In Deutschland etwa entlassen bereits einige Großkonzerne spürbar Personal. Auch das Thema Kurzarbeit in der Industrie ist zurück. Sobald nun wieder Massenentlassungen drohen, wird auch der breiten Masse wieder klar werden: Von nichts kommt nichts. Und nichts geht je gerade seinen Weg. Vor allem: Fortschritt ist nichts, worauf man ein Abo hat und was dazu noch nahezu kostenlos geliefert wird. Selbst Akademiker sind bei den neuen Wellen der bereits stattfindenden Digitalisierung nicht vollends sicher vor jeder Veränderung am Arbeitsmarkt. Das ist keine Schwarzmalerei. Der Journalist Markus Dettmer schrieb gerade in einer Wirtschaftsanalyse im deutschen "Spiegel": "Die Digitalisierung ist für viele bedrohlich, weil sie die Mitte der Arbeitsgesellschaft angreift." So ist es.

Die Grünen werden dabei mit ihrem Sonnenscheinliberalismus kaum in der Lage sein, mit einer Wirklichkeit klarzukommen, in der das Wohlfühlklima nicht mehr das Klima ist, sondern Angst und Sorge vorherrschen und materialistische Kernthemen zu verhandeln sind.
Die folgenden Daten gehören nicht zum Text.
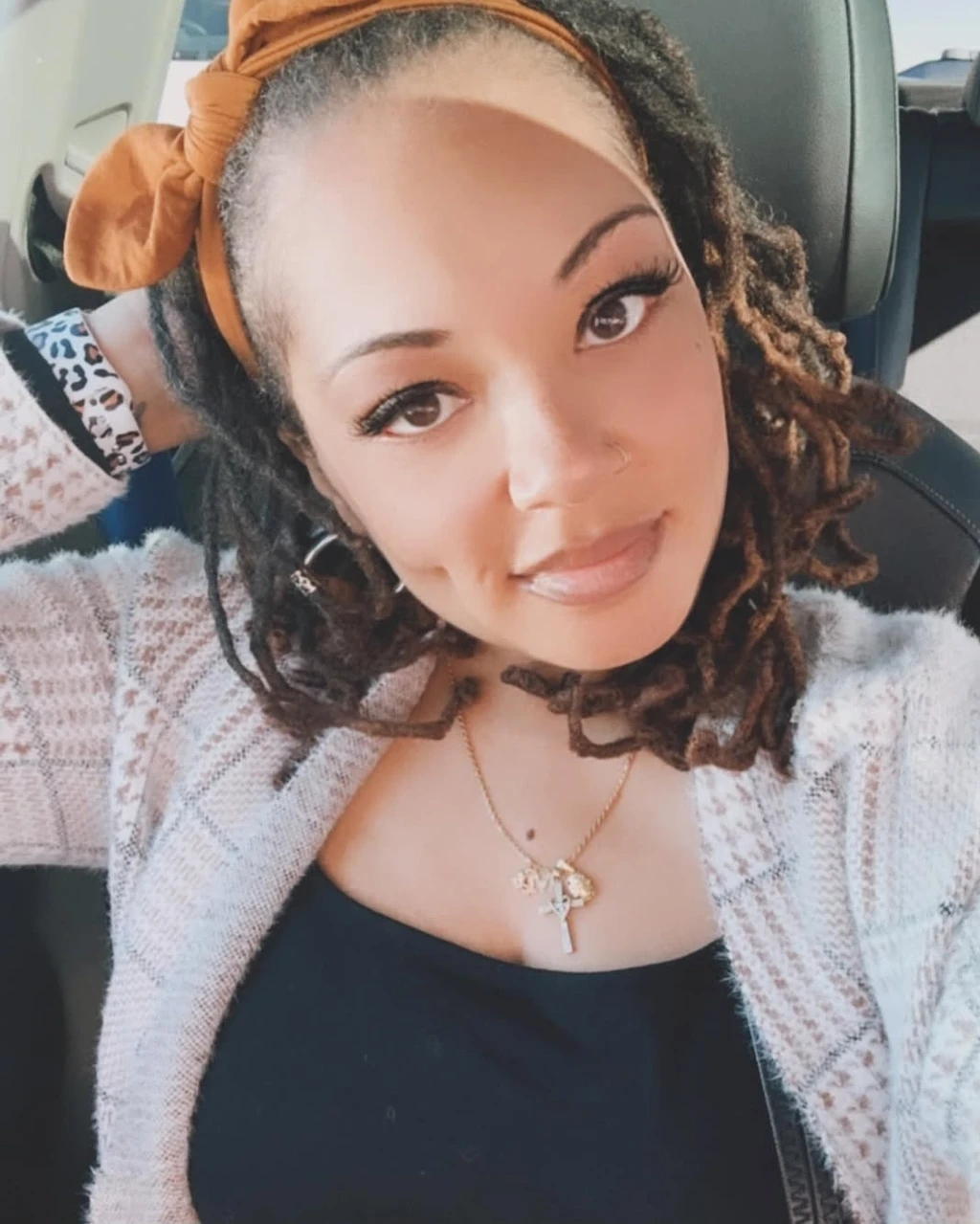 Sondra Vivian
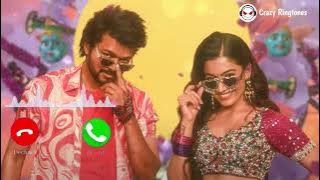 💕Jimikki Ponnu BGM Ringtone 💕|| {👇 Download link 👇}
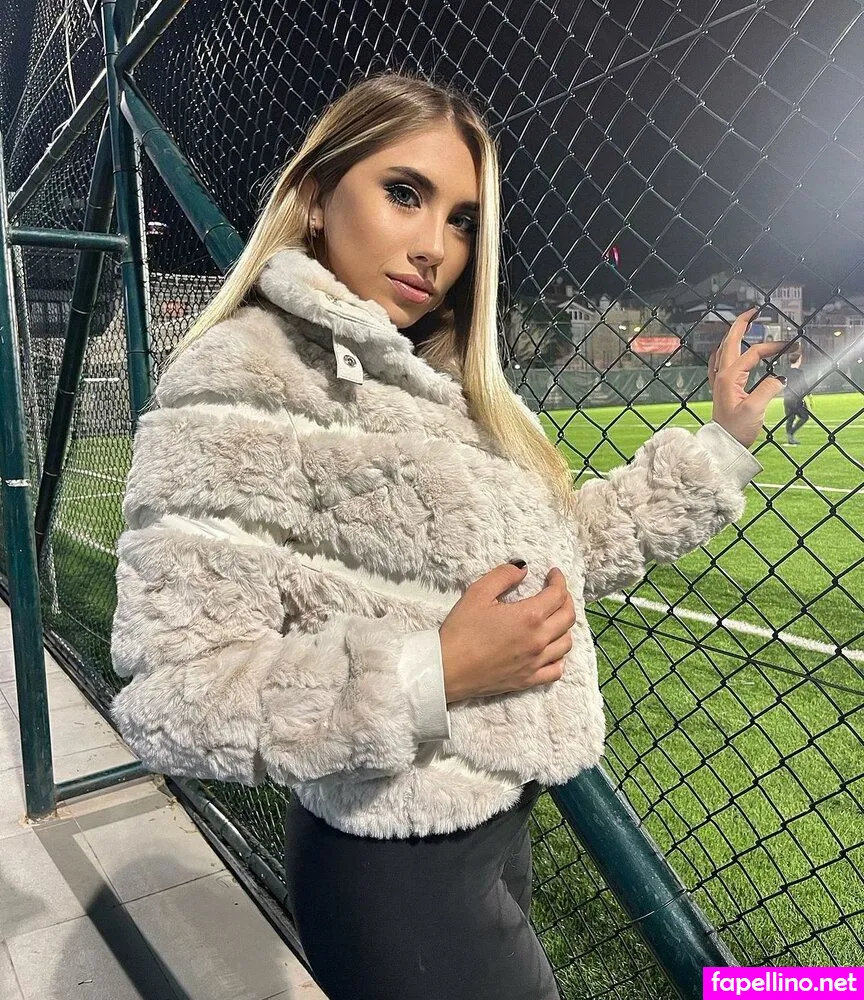 Elif Karaarslan, elifkaraarslan_17 Nude Leaked OnlyFans Photo #z2v2YDZfbl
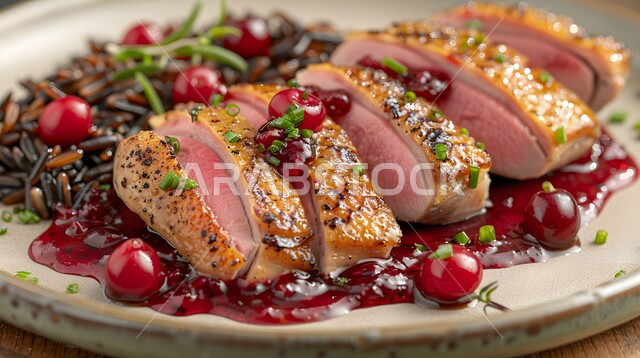 وجبة ذات قيمة غذائية عالية، فنون التقديم في مطاعم ومطابخ المملكة العربية السعودية، أطباق من المأكولات العربية التقليدية الشعبية، وصفات طعام شهية صحية ولذيذة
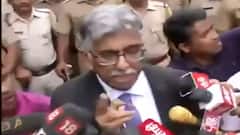 कोर्ट से निकलने के बाद Navneet Rana के वकील ने क्या कहा जानिए इस वीडियो में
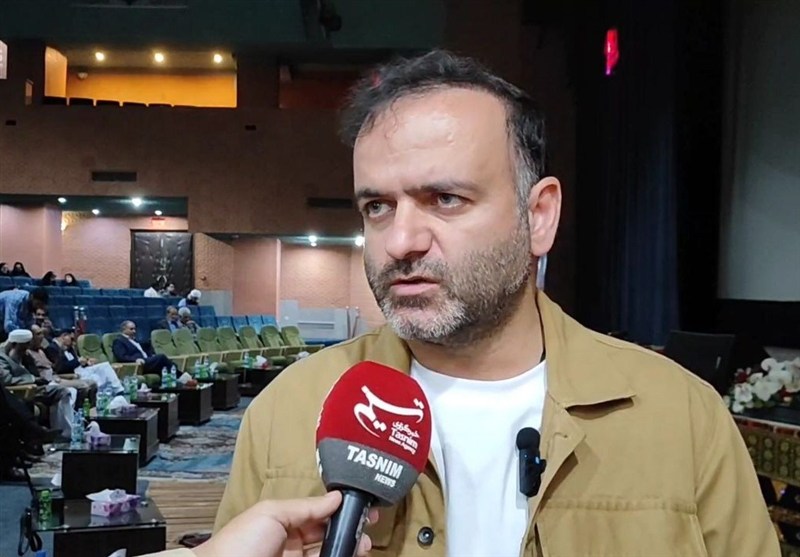 آخرین خبر از ساخت سریال «پایتخت 8»/ "سلمان فارسی" امسال می‌رسد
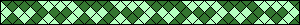 Normal pattern #177674 variation #393445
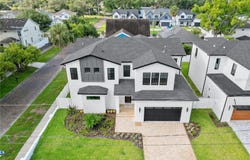 3202 R W LA SALLE STREET, TAMPA, FL 33607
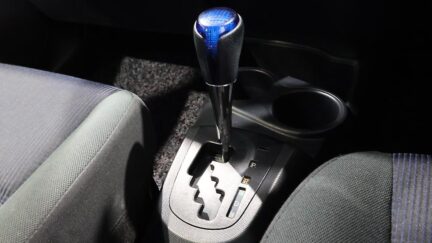 2015 Toyota Aqua S Model, Push Start, Reverse Camera image 356279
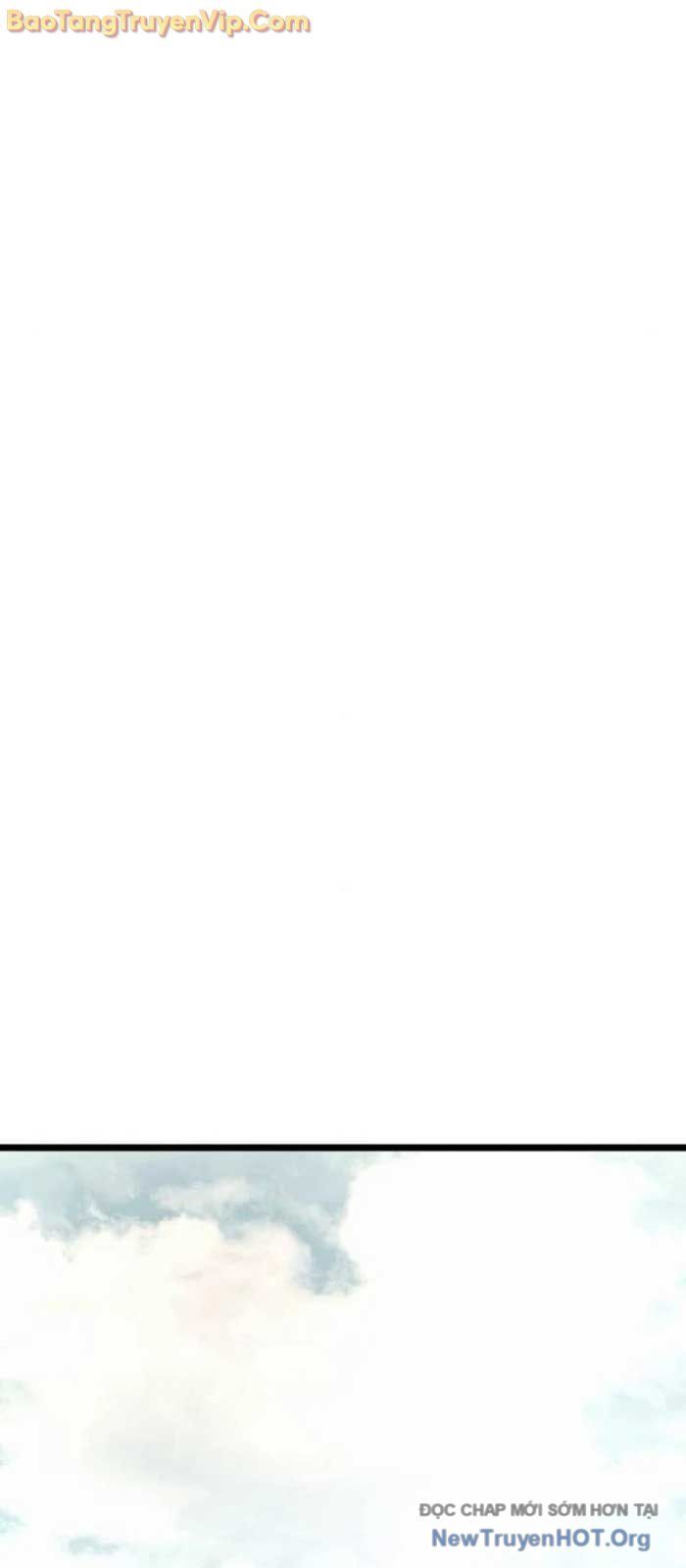 Quản Giáo Số 0 Chapter 13 - 11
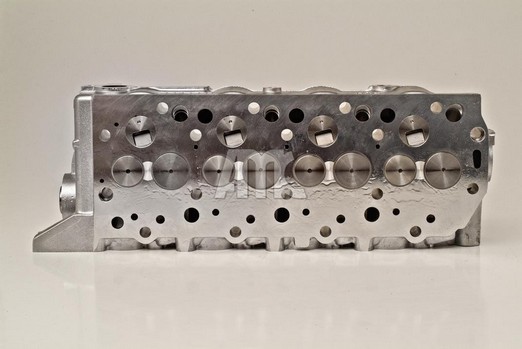 AMC Cilinderkop 908871K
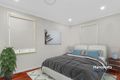 Property photo of 21 Samoa Place Lethbridge Park NSW 2770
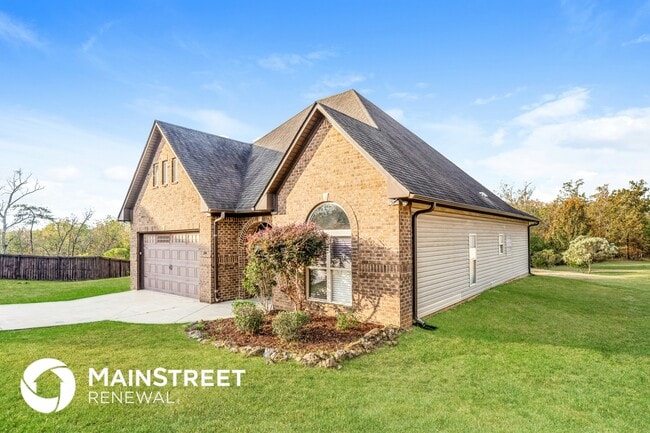 Building Photo - 244 Willow View Cir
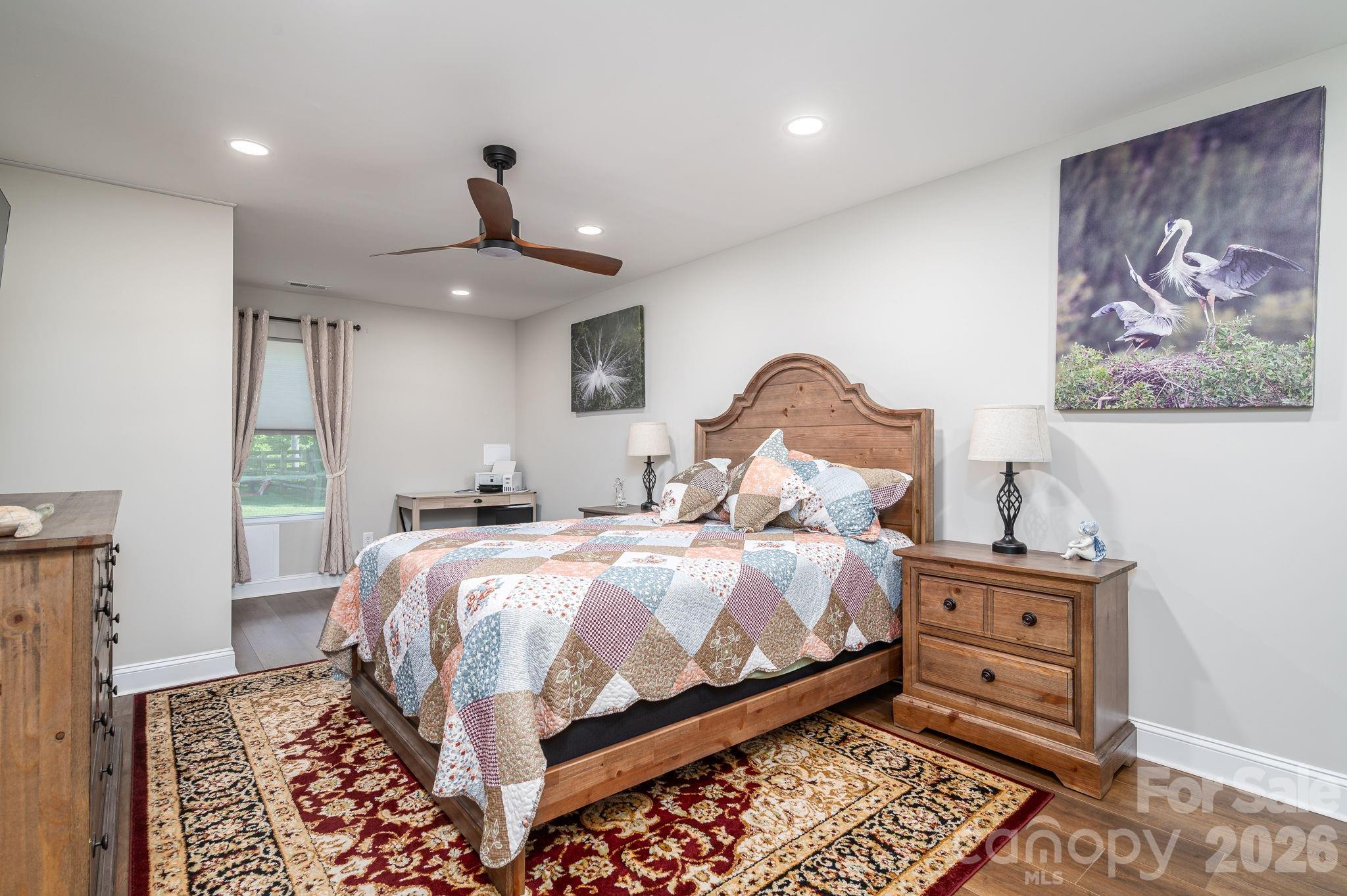 346 Car Farm Road Lincolnton NC 28092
Denn im Ernst: Wer kann sich Robert Habeck vorstellen, wie er Massenarbeitslosigkeit managt oder erfolgreich mit China und Donald Trump umgeht und zu einer Selbstbehauptung Europas beiträgt? So jemanden wie Robert Habeck verspeist Donald Trump zum Frühstück. Das klingt polemisch. Aber da ist ein Stück Wahrheit dran. Österreich steht hier vor den gleichen Problemen wie Deutschland. Eigentlich steht ganz Europa jetzt vor einer neuen Zeit. Und es müsste eigentlich zu einer "europäischen Selbstbehauptung" kommen. Und dazu braucht es Spitzenpersonal, das sich dessen bewusst ist.

Irgendwann bald also, wenn die Wirtschaftsdaten spürbar schlechter werden sollten, werden viele grüne Fans erkennen müssen, vor allem diejenigen unten den Journalisten, dass die Grünen eben nicht die Beatles, sondern nur die Bay City Rollers sind: eine kurze, heiße Liebe, die keinen Bestand mehr hat, wenn es ernst wird. (Nils Heisterhagen, Stefan Laurin, 13.7.2019)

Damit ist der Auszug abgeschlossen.